FATF Issues Report on COVID-19-Related Money Laundering and Terrorist Financing Risks and Policy Responses
In May 2020, the Financial Action Task Force (FATF), which is a global money laundering and terrorist financing inter-governmental body that sets international standards, issued a report on the risks and policy responses relating to COVID-19-related money laundering and terrorist financing issues. The report discusses the evolving money laundering and terrorist financing picture, the current COVID-19 impact on anti-money laundering (AML) and counter-terrorist financing (CFT) regimes, and potential AML/CFT responses for consideration. FATF cites increased financial volatility among the risks raised by COVID-19 and lists the use of virtual assets for illicit purposes as one example of potential increased financial volatility.
A link to the FATF report can be found here.

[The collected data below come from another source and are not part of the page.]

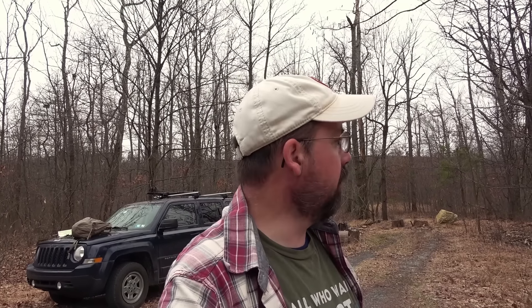My friend Dave from A Day Hike Dave — I was just filming with him last week — he told me I need to come here. I watched his video. There are some cool rock formations down here and he told me I need to come, so here we are.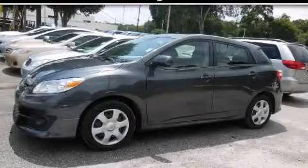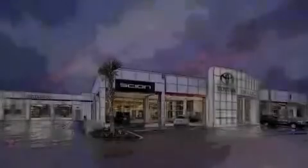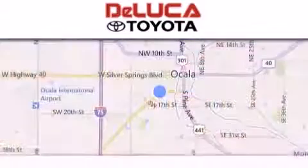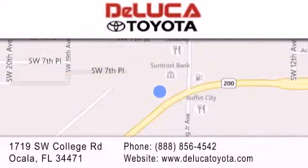Contact us today and schedule your opportunity to see this automobile in person. DeLuca Toyota is located at 1719 Southwest College Road in Ocala. Our goal is to exceed all of your expectations to ensure that you'll return for future visits.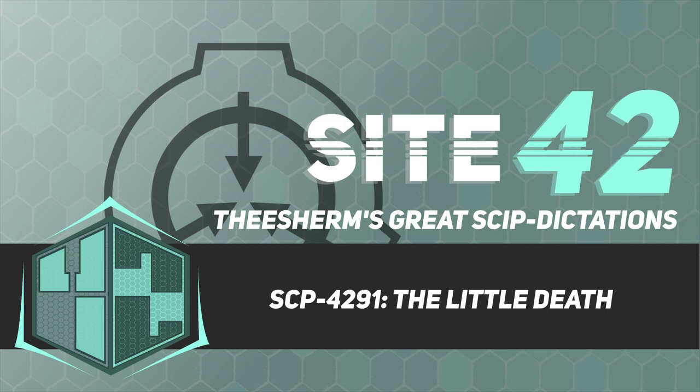Addendum 4291-1, Discovery Report: SCP-4291 was uncovered by Foundation dive crews after local reports from Margate, UK, indicated seamen washing up on shore.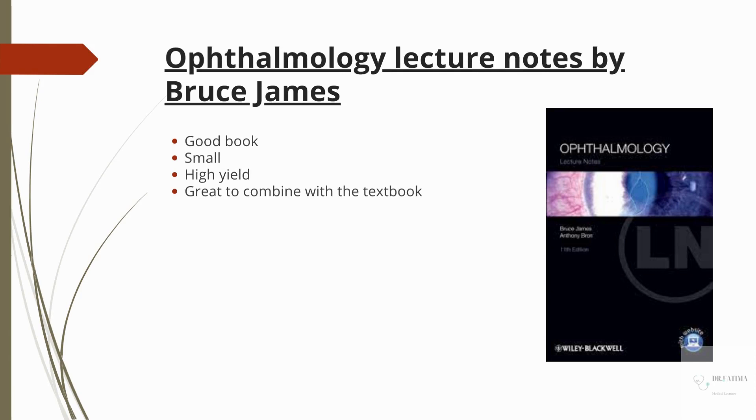The second book I'm going to mention is Ophthalmology Lecture Notes by Bruce James. I love this book. I read it purely out of personal interest — it was not compulsory. I just happened to come across it in the bookstore and I loved it. It gave me that extra edge; it presents information in a very passionate and interesting way. There were a lot of things in it that were not in Jatoi, so I started to combine them and it really paid off.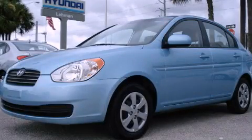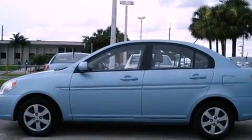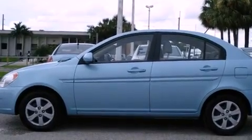This is a certified pre-owned 2010 Hyundai Accent. It features a four-cylinder engine and an automatic transmission.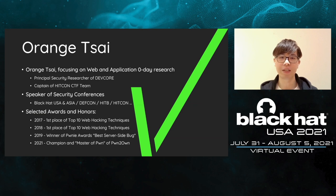Let me introduce myself first. I'm Orange, now the principal security researcher at DEVCO. I'm a zero day researcher focusing on web and application security. My job is to find out the most severe vulnerabilities that can impact the world ahead of the bad guys and report them to the vendors directly. Apart from that, I'm also a speaker, CTF player, and bug bounty hunter. I got several awards from my research, such as the Pwnie Awards and the champion of Pwn2Own.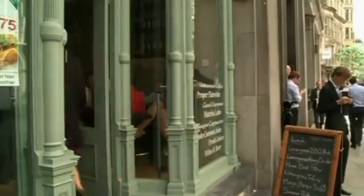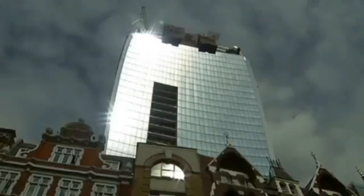This restaurant has suffered a melted chair and damaged tiles. The burning question, though, is how to solve the problem.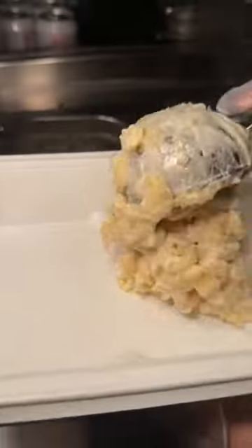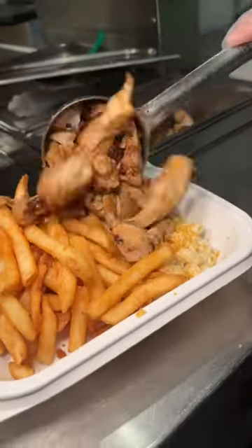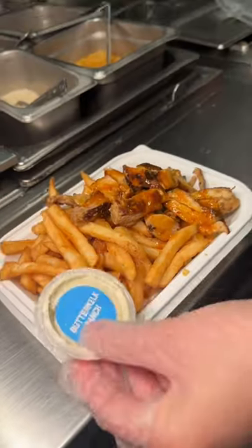A tray gets creamy mac and cheese, crispy salted fries, toasted breadcrumbs, a big scoop of their boneless mojo chicken thigh, their signature good sauce, and a side of buttermilk ranch.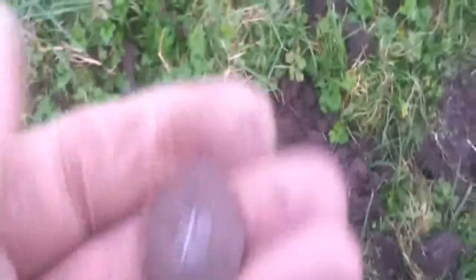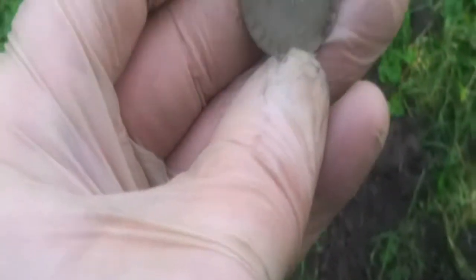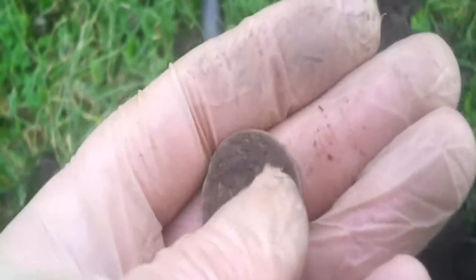Well, this has certainly turned out to be a great dig. Dan hasn't found much, but I've found silver again — a nice hammered coin. It's beautiful. Elizabeth the First, obviously. That's great. I'll get it cleaned up and show you later.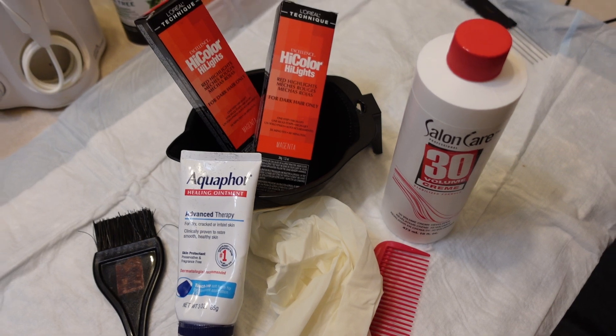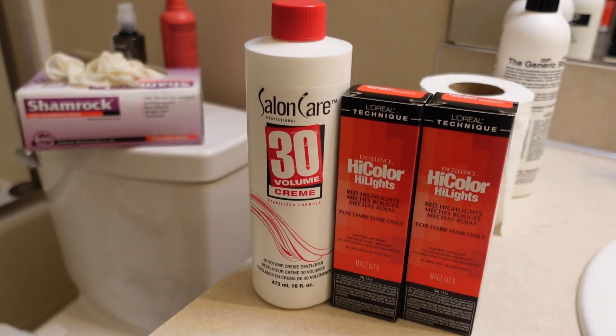First things first: go to your local Sally's and get the L'Oreal HiColor in Magenta, and also a 30 volume developer. For my hair I used 30 volume developer, but the higher the developer — like 40 or 50 — the faster the process and the lighter and brighter your hair can get. For medium to long hair, I honestly recommend getting three to four tubes.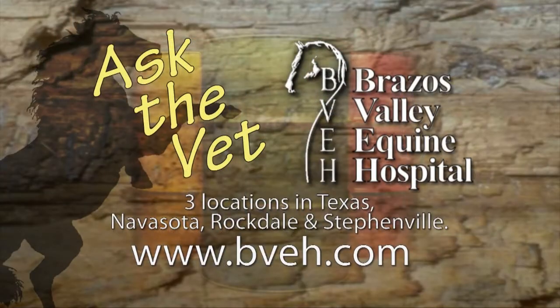Ask the Vet, brought to you by Brazos Valley Equine Hospital, now with three convenient locations in Texas: Navasota, Rockdale, and Stephenville.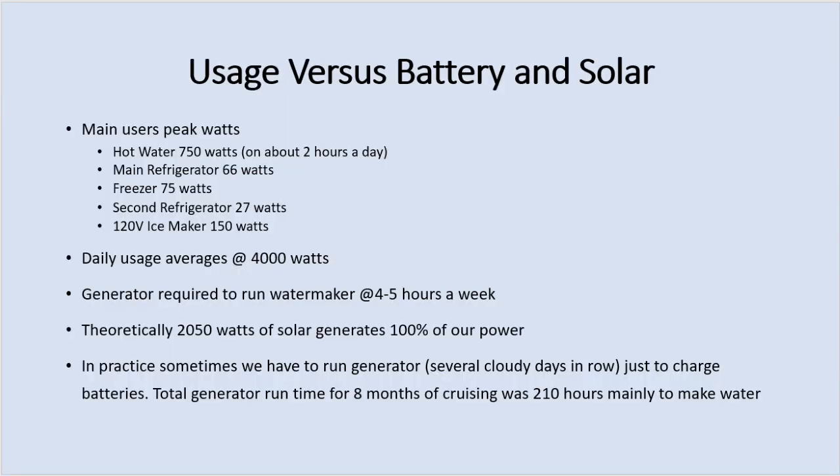Extrapolating from that, I estimate we probably use somewhere around 300 amp-hours on a 24-hour basis, maybe a little more on some days and less on others. That converts out to right around 4000 watts. We're making roughly 100% of our power theoretically, but we still have to run the generator to make water and some cloudy days string together. I feel like our system is pretty well sized for our boat. We could add more solar panels — if I put in a 12-volt watermaker that might be something I'd want to do, or have a bigger battery bank — but right now the system is working pretty well.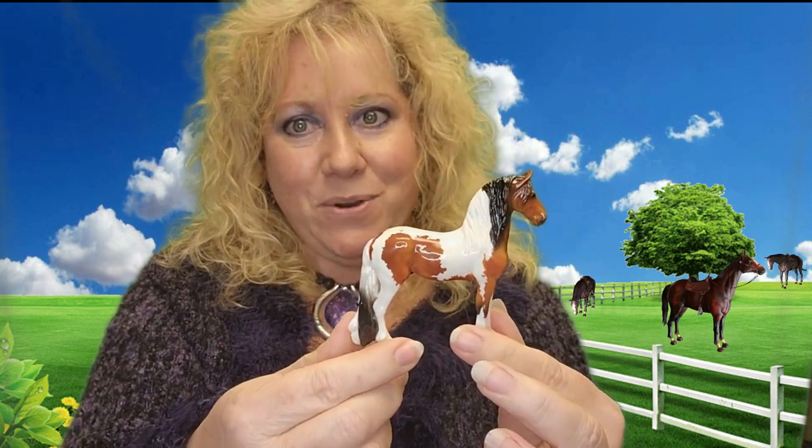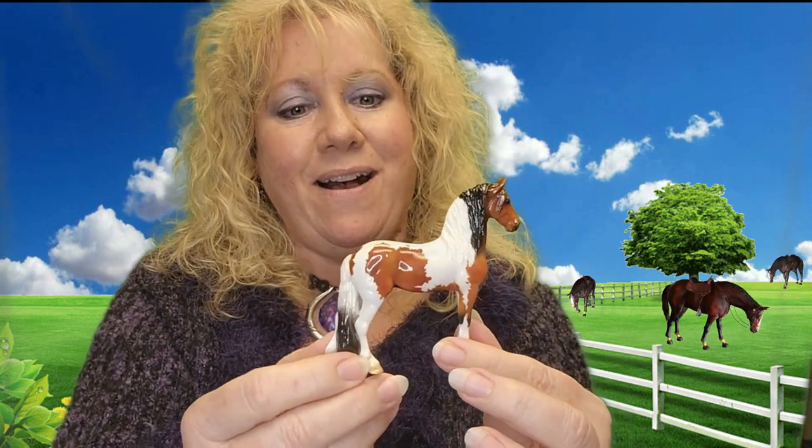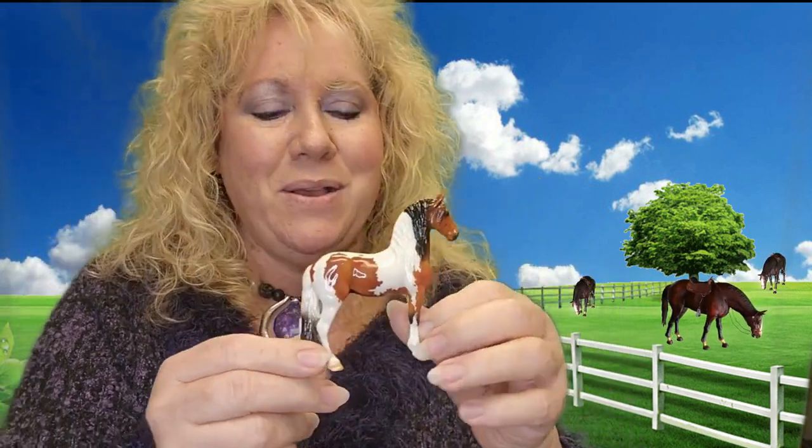This is what makes the Deluxe Collector's Club so special, because you get this special horse at the end of the year. Look at him — isn't he gorgeous? When I was ten I had a horse just like this, looked just like him, but he wasn't a Frisian cross, just a regular old pony. He had that tricolor — the brown, the black, and the white.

Additional discussion of FATF’s report can be read here on our Fintech Report.
Brazilian Agency Re-opens Investigation into Banks’ Treatment of Virtual Currency Firms
An advisor for Brazil’s Administrative Council for Economic Defense (CADE) submitted a Decision Order on May 13, 2020, to CADE’s executive body seeking to reopen an existing administrative inquiry into a complaint filed by the Brazilian Association of Cryptocurrencies and Blockchain (ABCB) against six Brazilian banks. ABCB had alleged in its complaint that the Brazilian banks unlawfully “refused to contract” through the unilateral closing of an existing account or through the refusal to open a new account, which had anti-competitive effects. The Brazilian banks had not refuted the alleged facts but argued that they were justified in their actions because of legal uncertainties related to Brazil’s regulation on the activity of cryptocurrency brokers, among other reasons. The General Superintendent of CADE had decided to close the administrative inquiry on December 23, 2019. In her May 13, 2020, Decision Order, CADE’s advisor argued that the administrative inquiry should be reopened and per news reports, the CADE executive body voted to approve such a reopening on May 20, 2020.
A native language link to the May 13, 2020, Decision Order can be found here and a link to a news report on CADE’s May 20, 2020, vote can be found here. The landing page for the administrative file for CADE’s inquiry can be found here.
Reports: Iran Takes Several Actions Related to the Regulation of Virtual Currencies
Per recent news reports, in May 2020, the Iranian Parliament has proposed to include virtual currency under its existing “currency smuggling” and foreign currency exchange regulations. The proposal would reportedly subject any virtual currency deemed to be a foreign currency to existing prohibitions on the unauthorized transfer of currency in and out of Iran. In addition, it would reportedly require virtual currency exchanges that buy, sell, or remit virtual currencies to be licensed by the Iranian Central Bank. Finally, it would reportedly require licensure with the Iranian Central Bank in order to carry out foreign exchange brokerage services within Iran for foreign persons.
Per additional news reports, also in May 2020, the Iranian president spoke with officials from the Iranian Central Bank, the energy department, and the information and communication technology ministries. Of the topics discussed, the Iranian president reportedly mandated those Iranian agencies to devise a national strategy for virtual currency mining, which would address regulation and mining revenue.
A link to a news report on the Iranian parliament’s proposal can be found here, and a link to the Iranian president’s statement can be found here.